(Dataset entries)
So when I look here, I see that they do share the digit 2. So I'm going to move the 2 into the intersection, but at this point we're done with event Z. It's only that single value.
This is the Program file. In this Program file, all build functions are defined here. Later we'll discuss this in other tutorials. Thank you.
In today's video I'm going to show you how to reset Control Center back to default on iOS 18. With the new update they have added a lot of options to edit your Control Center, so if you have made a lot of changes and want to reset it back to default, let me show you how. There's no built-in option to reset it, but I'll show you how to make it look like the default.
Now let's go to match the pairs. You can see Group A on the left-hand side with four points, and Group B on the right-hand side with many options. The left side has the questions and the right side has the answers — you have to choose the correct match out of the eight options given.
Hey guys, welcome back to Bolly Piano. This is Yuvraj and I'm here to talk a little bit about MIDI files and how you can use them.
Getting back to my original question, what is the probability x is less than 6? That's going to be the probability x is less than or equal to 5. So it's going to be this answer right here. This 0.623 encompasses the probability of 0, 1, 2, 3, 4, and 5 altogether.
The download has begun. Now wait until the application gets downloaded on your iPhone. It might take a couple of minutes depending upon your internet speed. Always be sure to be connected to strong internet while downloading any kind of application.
---
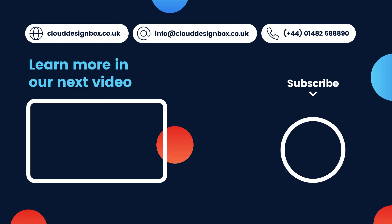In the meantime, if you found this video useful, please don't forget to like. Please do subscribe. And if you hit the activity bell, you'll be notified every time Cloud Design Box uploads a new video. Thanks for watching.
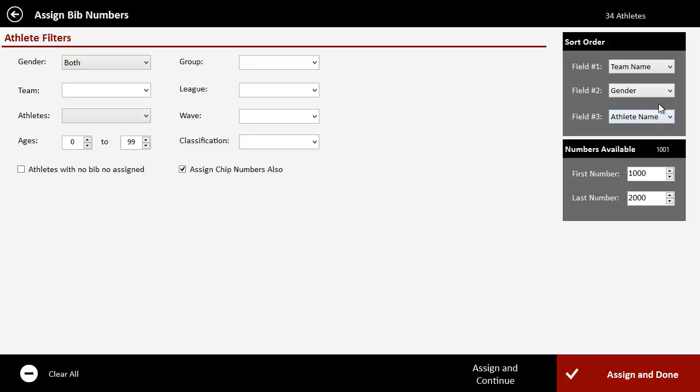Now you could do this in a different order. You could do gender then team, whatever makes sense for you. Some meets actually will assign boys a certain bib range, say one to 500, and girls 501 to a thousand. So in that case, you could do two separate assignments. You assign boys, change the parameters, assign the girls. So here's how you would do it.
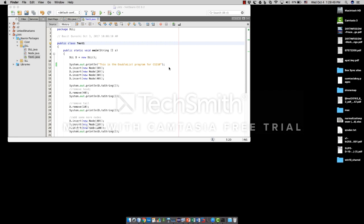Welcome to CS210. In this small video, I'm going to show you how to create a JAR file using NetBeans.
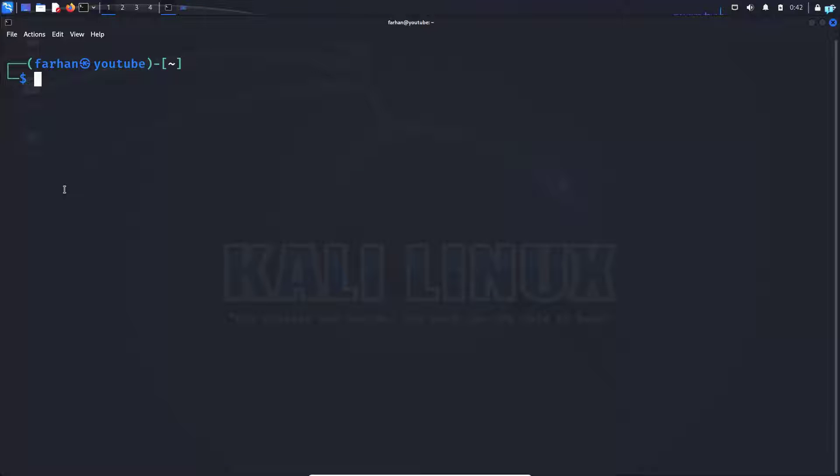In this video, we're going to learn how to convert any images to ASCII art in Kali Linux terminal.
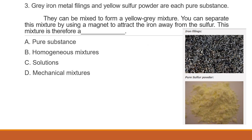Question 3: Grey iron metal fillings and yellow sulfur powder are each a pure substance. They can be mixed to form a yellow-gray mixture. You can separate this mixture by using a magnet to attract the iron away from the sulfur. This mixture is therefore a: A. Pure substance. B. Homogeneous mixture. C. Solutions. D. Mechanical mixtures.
--
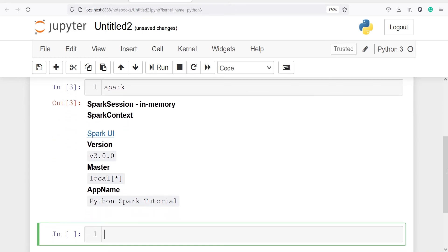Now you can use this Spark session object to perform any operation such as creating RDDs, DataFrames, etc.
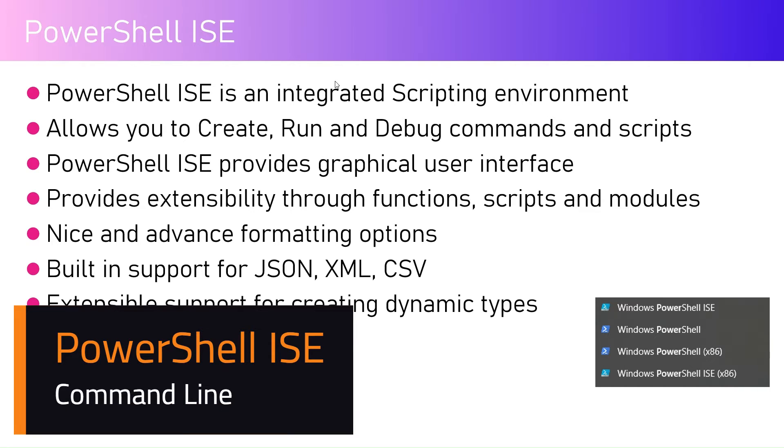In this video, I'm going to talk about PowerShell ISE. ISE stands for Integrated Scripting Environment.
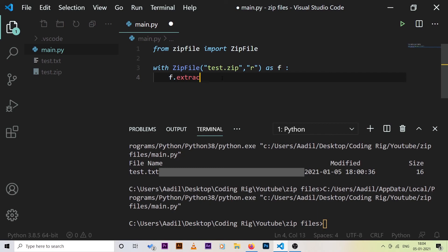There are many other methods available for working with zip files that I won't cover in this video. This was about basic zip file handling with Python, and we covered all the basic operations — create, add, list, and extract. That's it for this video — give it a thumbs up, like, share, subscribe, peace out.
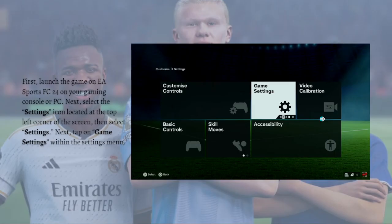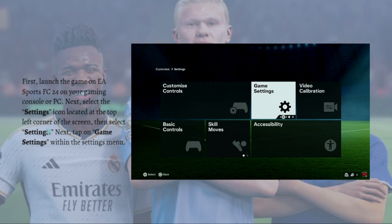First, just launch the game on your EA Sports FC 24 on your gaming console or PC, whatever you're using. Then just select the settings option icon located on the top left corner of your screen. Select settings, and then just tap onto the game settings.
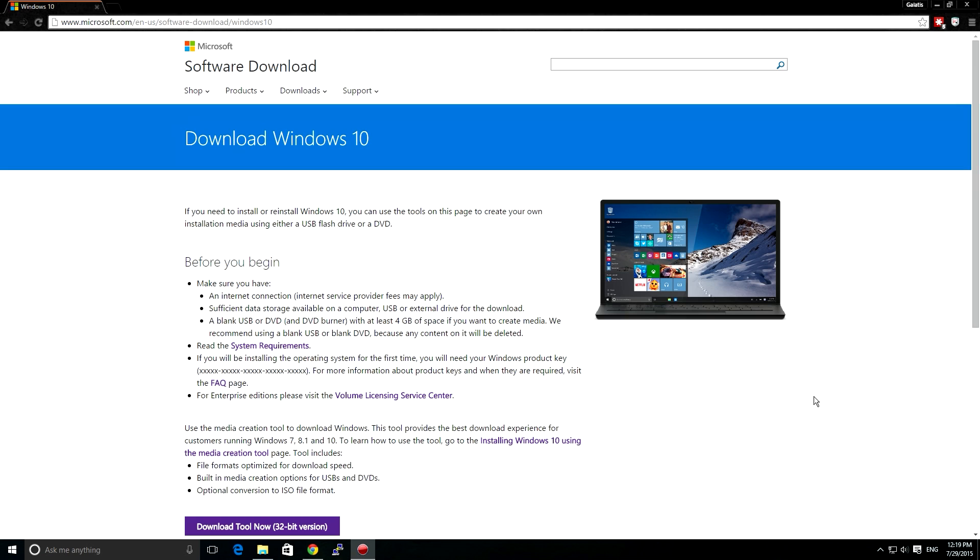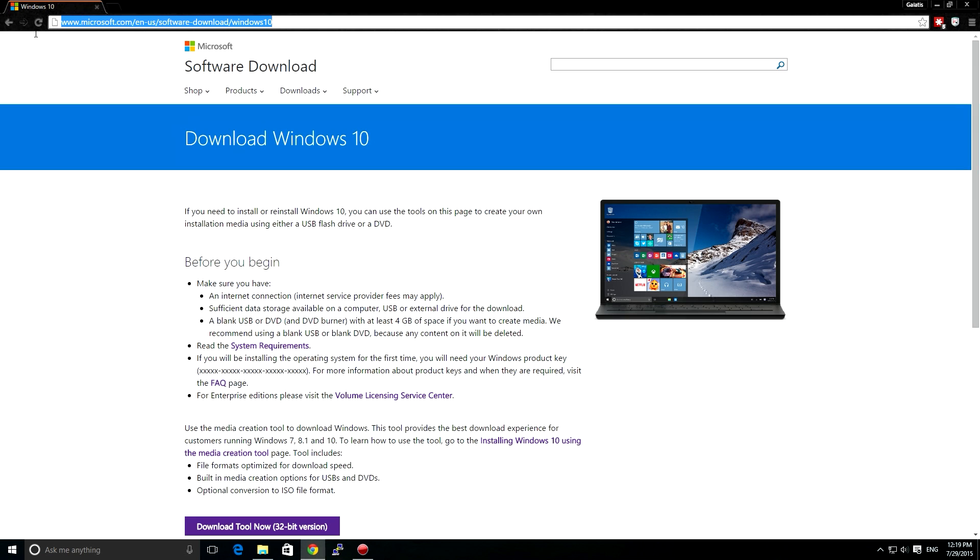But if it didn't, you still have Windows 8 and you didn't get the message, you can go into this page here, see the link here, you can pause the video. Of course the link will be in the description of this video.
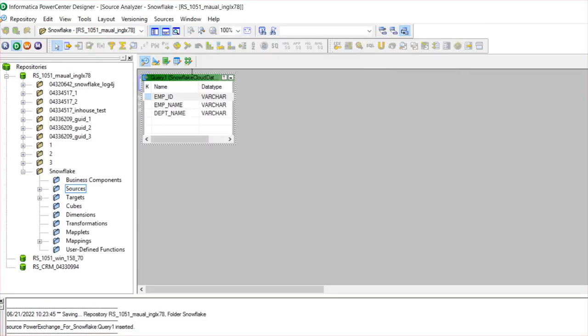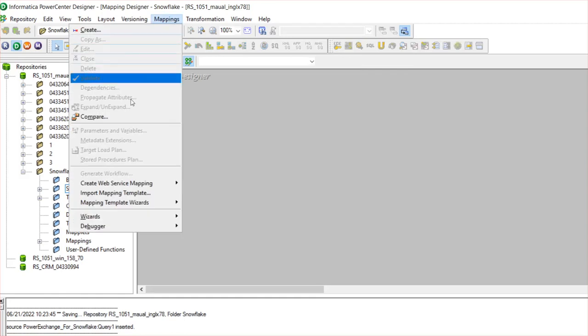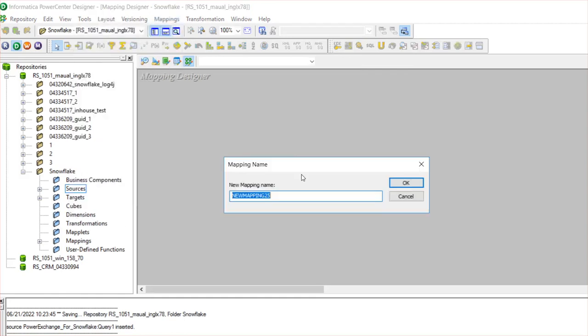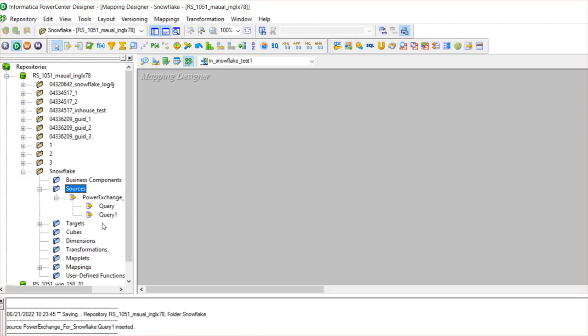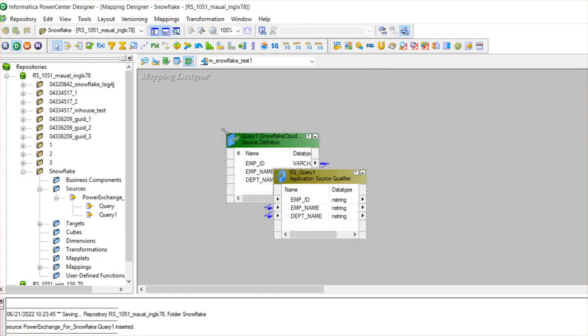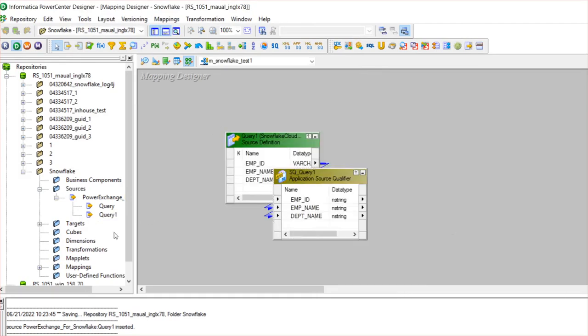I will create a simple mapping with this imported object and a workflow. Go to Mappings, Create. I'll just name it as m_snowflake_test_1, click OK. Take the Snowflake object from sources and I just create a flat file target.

Problem to work on:
Could you set down, exactly as written, the lines above between the one holding "So when I look" and the one holding "Now let's go", inclusive, and nothing more?

Written solution:
So when I look here, I see that they do share the digit 2. So I'm going to move the 2 into the intersection, but at this point we're done with event Z. It's only that single value.
This is the Program file. In this Program file, all build functions are defined here. Later we'll discuss this in other tutorials. Thank you.
In today's video I'm going to show you how to reset Control Center back to default on iOS 18. With the new update they have added a lot of options to edit your Control Center, so if you have made a lot of changes and want to reset it back to default, let me show you how. There's no built-in option to reset it, but I'll show you how to make it look like the default.
Now let's go to match the pairs. You can see Group A on the left-hand side with four points, and Group B on the right-hand side with many options. The left side has the questions and the right side has the answers — you have to choose the correct match out of the eight options given.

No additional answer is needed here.